**Exercise aim**:
Note how many lines in the material have "para", and give only that figure.

========

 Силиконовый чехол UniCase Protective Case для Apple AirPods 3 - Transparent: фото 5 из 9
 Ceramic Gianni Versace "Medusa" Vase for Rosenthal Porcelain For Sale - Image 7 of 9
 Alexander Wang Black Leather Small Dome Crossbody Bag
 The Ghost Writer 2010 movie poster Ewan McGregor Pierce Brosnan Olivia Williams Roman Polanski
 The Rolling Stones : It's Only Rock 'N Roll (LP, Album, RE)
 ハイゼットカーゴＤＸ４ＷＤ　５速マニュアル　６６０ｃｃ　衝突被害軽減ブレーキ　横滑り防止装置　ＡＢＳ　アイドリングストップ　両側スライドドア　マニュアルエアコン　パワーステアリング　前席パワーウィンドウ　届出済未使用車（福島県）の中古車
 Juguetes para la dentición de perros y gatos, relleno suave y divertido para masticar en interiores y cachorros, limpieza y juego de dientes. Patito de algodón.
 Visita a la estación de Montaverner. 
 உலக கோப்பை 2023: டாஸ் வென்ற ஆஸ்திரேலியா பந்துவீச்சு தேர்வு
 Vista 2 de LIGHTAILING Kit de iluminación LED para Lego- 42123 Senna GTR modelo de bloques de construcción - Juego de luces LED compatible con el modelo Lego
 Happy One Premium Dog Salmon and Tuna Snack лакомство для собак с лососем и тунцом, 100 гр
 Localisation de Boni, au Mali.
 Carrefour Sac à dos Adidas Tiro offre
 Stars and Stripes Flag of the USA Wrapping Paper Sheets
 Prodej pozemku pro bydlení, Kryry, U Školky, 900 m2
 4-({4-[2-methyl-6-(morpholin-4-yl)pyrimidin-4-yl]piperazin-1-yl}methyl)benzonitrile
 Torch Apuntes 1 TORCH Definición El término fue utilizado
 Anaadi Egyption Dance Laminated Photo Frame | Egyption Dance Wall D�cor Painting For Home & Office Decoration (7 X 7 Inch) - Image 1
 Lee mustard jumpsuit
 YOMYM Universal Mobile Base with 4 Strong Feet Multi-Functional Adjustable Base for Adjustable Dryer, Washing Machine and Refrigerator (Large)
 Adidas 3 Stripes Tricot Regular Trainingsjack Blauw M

========

**Answer section**:
2